Question

determine whether the sequence [an] diverges or converges
an = squareroot of (n^2 − 2n + 8) -n

i've tried simplifying by multiplying numerator and denominator by its conjugate but i still got divergent. it converges to some number but i don't know what

− n

Answer 1

for larger and larger values of n, this begins to resemble sqrt(n^2)-n

the question i would have is how fast is it doing that?

Answer 2

are you using a denominator of 1? its hard to see if im reading your post correctly

Answer 3

yes it's a denominator of 1.

Answer 4

it's just the (squareroot of n^2 -2n +8) -n

Answer 5

Try this: \(\dfrac{\sqrt{n^{2}-2n+8}-n}{1}\cdot\dfrac{\sqrt{n^{2}-2n+8}+n}{\sqrt{n^{2}-2n+8}+n}\).

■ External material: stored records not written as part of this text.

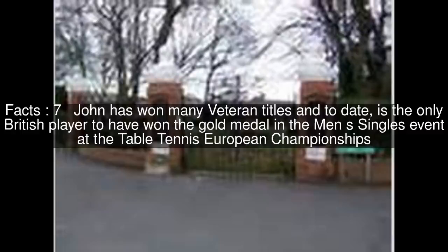Hilton still plays table tennis in the Bolton League, which his team famously won in the 2012-13 season. John has won many veteran titles and, to date, is the only British player to have won the gold medal in the Men's Singles event at the Table Tennis European Championships.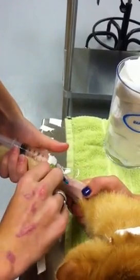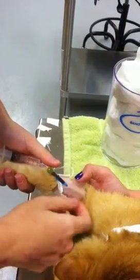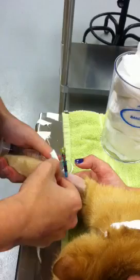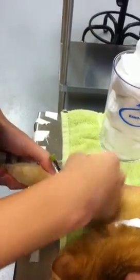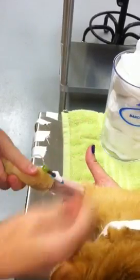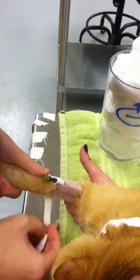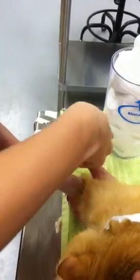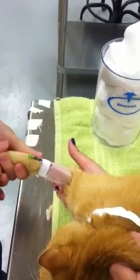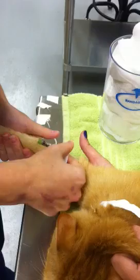I'm going to start taping by placing the sticky side up, placed under the catheter hub. Heather is doing an excellent job holding the cat here and I'm being careful not to go over my actual insertion site. This is our initial anchor piece — it's going to hold the catheter in place. My next step is to go back over the site.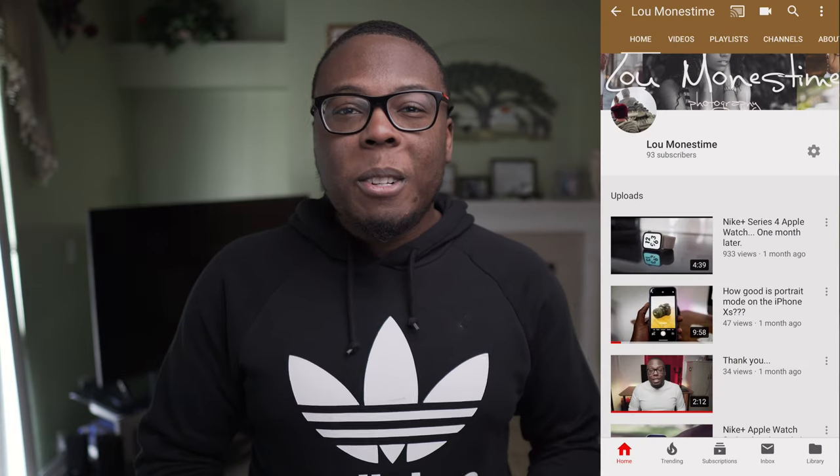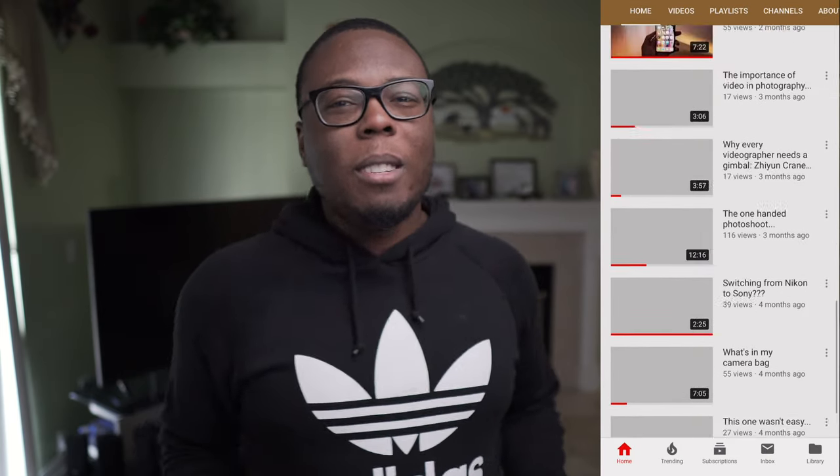If you guys did like this video, go ahead and like the video. Comment, let me know your thoughts. Subscribe to the channel. We're almost at 100 subscribers — we're so close. Keep subscribing to my channel. I'm appreciating all the support I'm getting on all these videos. Until the next time, my name is Lou Manastime, and I'm out. Peace.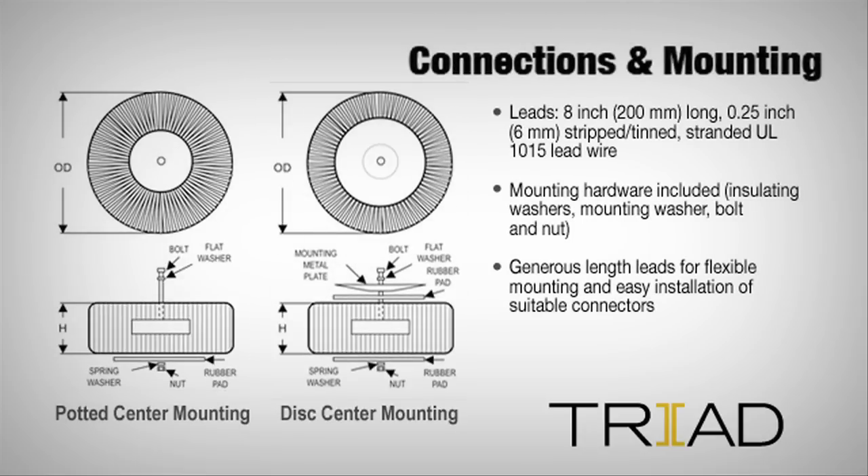Triad's VPT transformer is simple to install with standard tools. Everything you need comes with it, making it ready to go right out of the box. Customized wiring harnesses are available on request.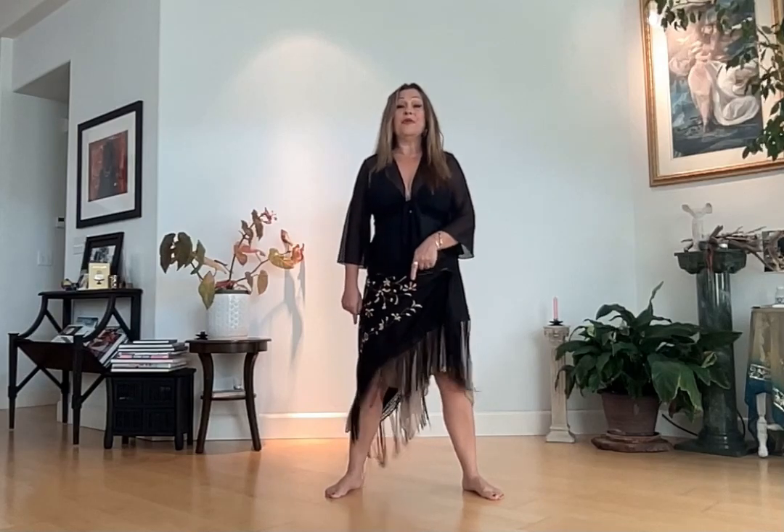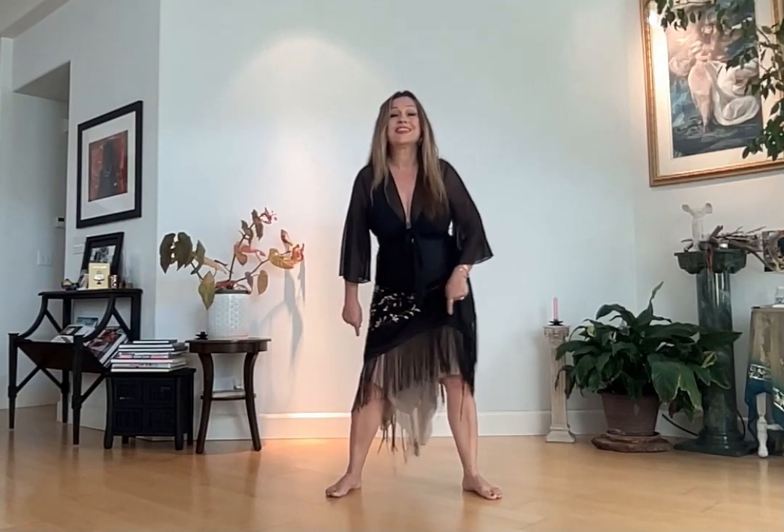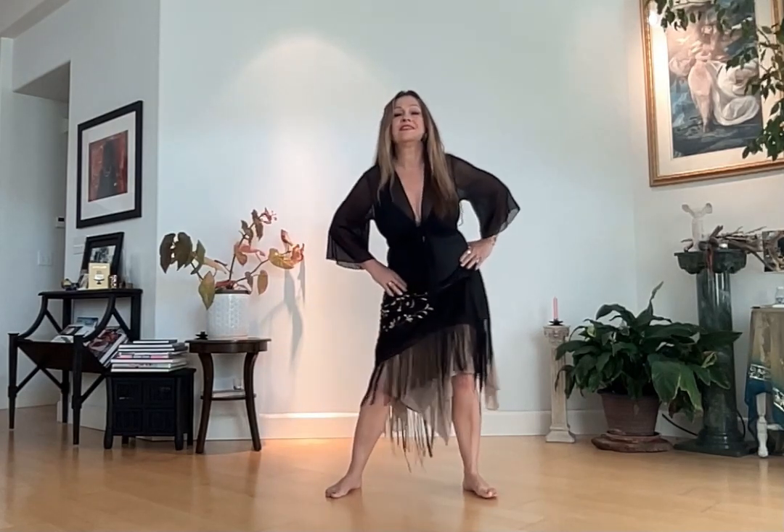Now with the tip of your tailbone, start drawing circles on the ground, right under your pelvis, feeling your weight shifting.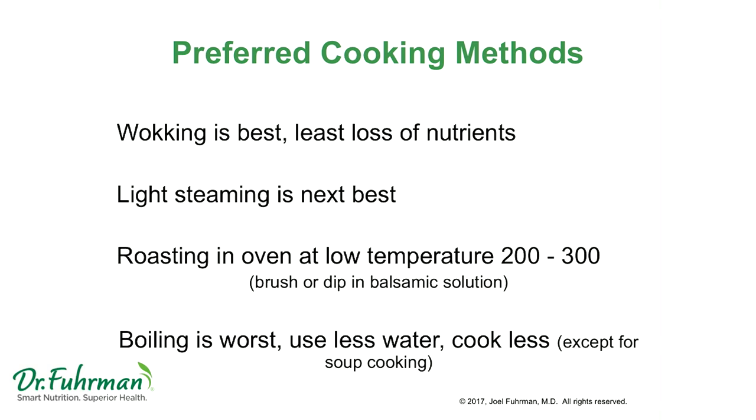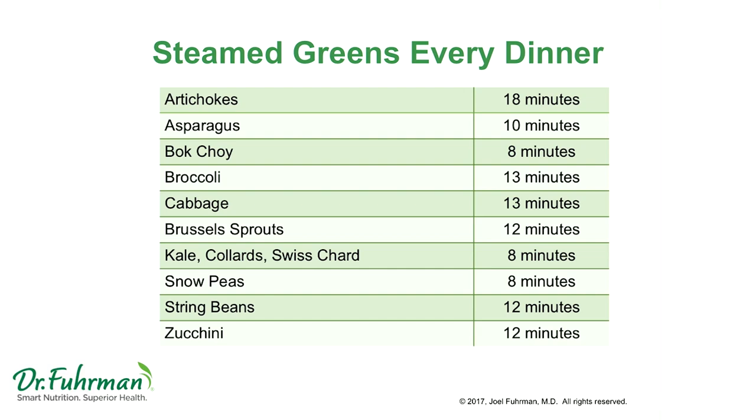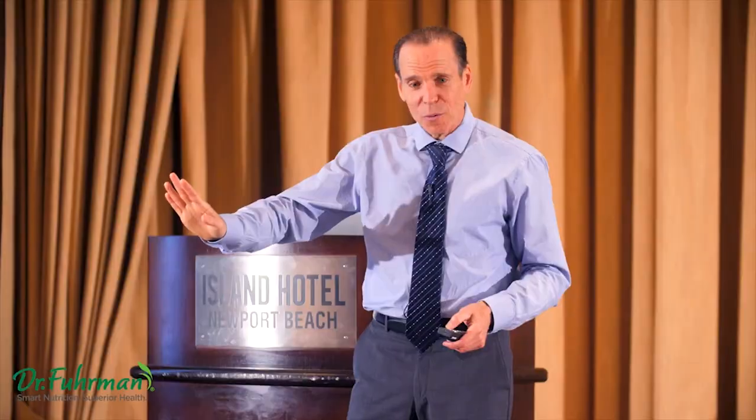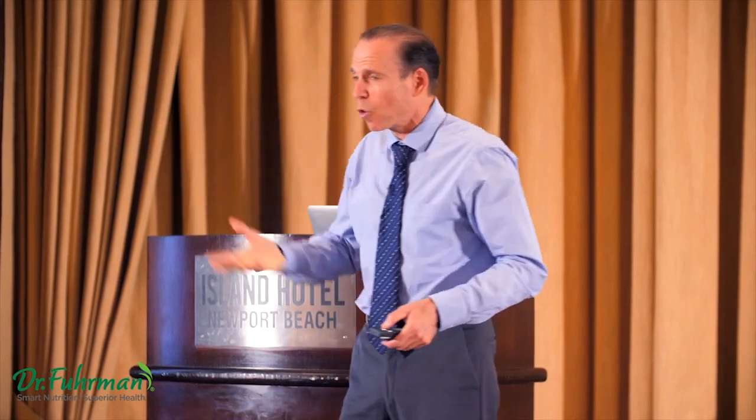Don't keep it in the boiling water too long because that's going to take away the nutrients, especially these beneficial phytochemicals. If you're eating steamed items like artichokes, asparagus, and broccoli, put your timer on. Something like Swiss chard, kale, or bok choy — eight minutes is plenty, but if you want more nutrients, below five is better. Wokking would be even better. Less is better. Don't do anything over 12 to 13 minutes. It's going to get mushy and the water's going to be green, and when you have the green water, you've lost a lot of the nutrients.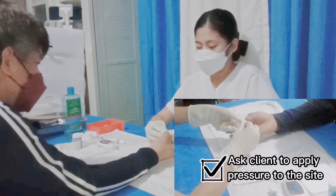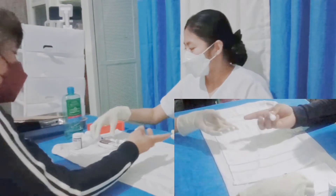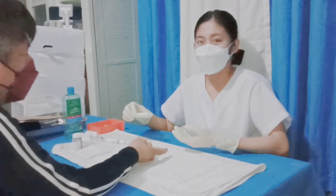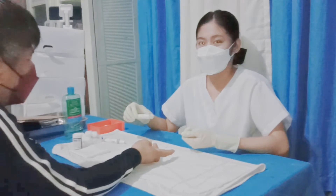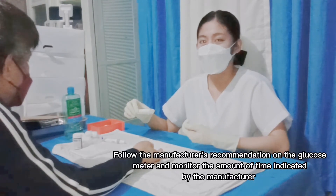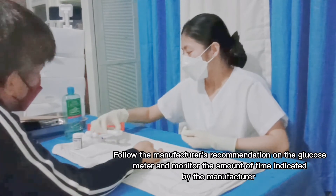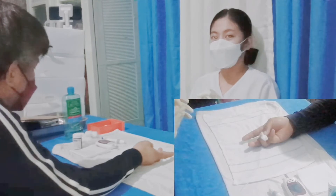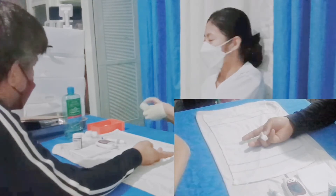So kindly put pressure to the site. Now we are going to wait until the meter is done reading the results. Make sure to follow the specific instructions depending on the manufacturer. After obtaining the results, we are now going to document the data in the client's record.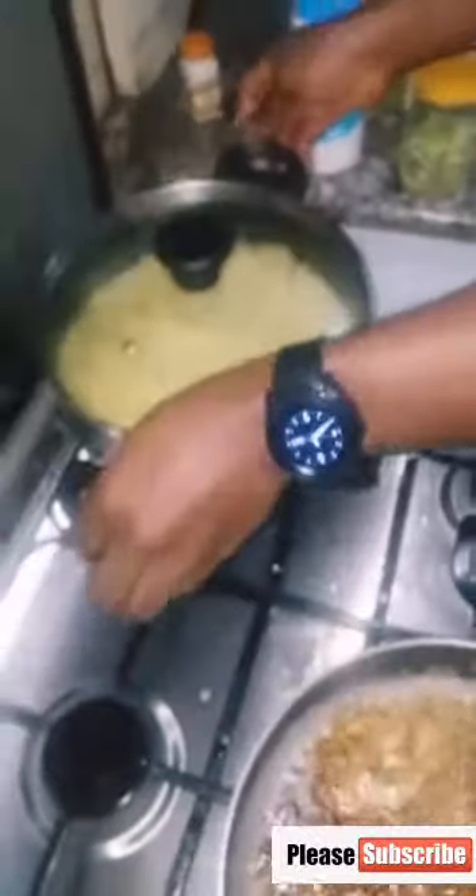The rice is now nice and soft — I boiled it for 20 minutes. I take it out.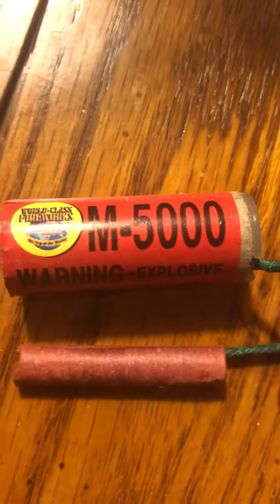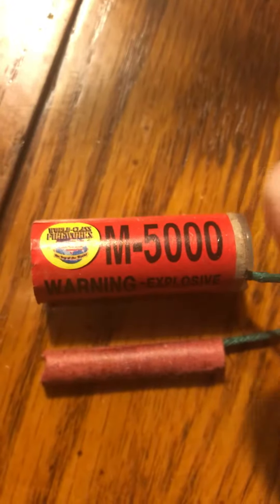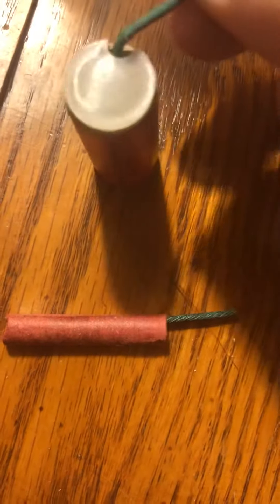Hi guys, today I'm going to be talking to you about why you should never buy an M5000 Salute. I don't even like the M150s. It's just not worth it in my opinion, and I'm going to show you the scam behind it.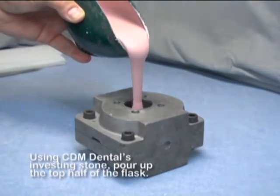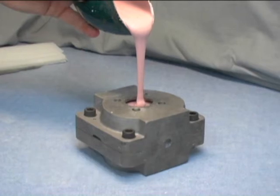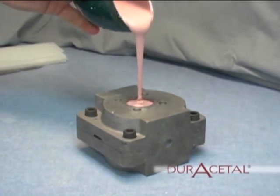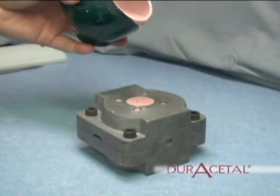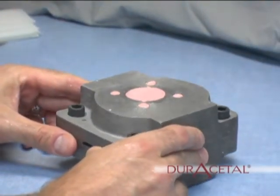Using CDM Dental's investing stone, pour up the top half of the flask. Because of the liquid nature of CDM Dental's investing stone, no vibration is required. Just a few taps on the counter will bring all of the bubbles out of the stone.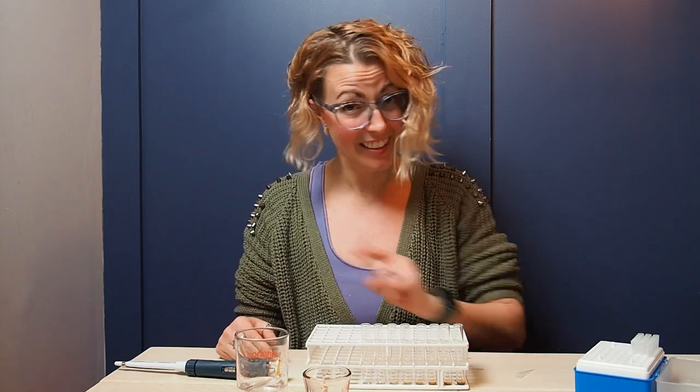Thanks again for all your comments and all your engagement. I look forward to more requests, and we'll see you in the next one.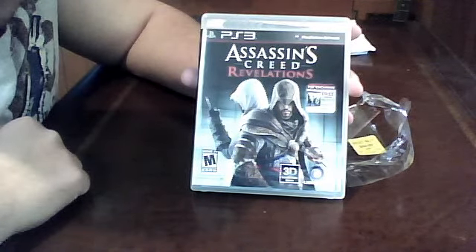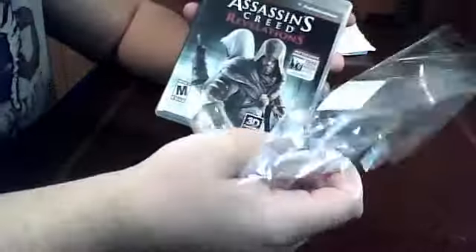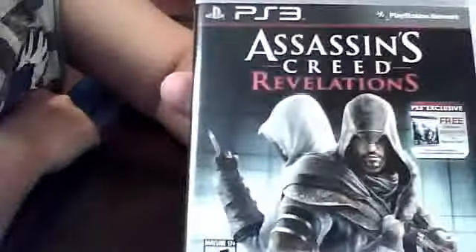Hey what's up you guys, Leo here from Everyday Gaming Society, and I'm here to do my unboxing of Assassin's Creed Revelations. I already unboxed it, I already took the plastic off — I've been having problems trying to get the video to record.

Simplify numerator and denominator separately. Something magical may occur.

Answer 6

(-2n+8) / denominator. . I factored out a 'n' from numerator and from the squareroot. Then I reduced the fraction by canceling the n's. I took the limit of n to infinity and got #/0. :/

Answer 7

How did you manage 0 in the denominator? That's no good.

Answer 8

Oh oops. I see my mistake. I subtracted n instead of adding it

Answer 9

Thanks!

Answer 10

Did you get the non-zero limit?

Answer 11

Yes -1

Answer 12

Perfect. Tricky, wasn't it. Did you use l'Hopital?

Answer 13

No

Answer 14

That's good, since it would be a wonderous circular discouragement. It's a funny case for l'Hopital. Good work reasoning it out without that confusion.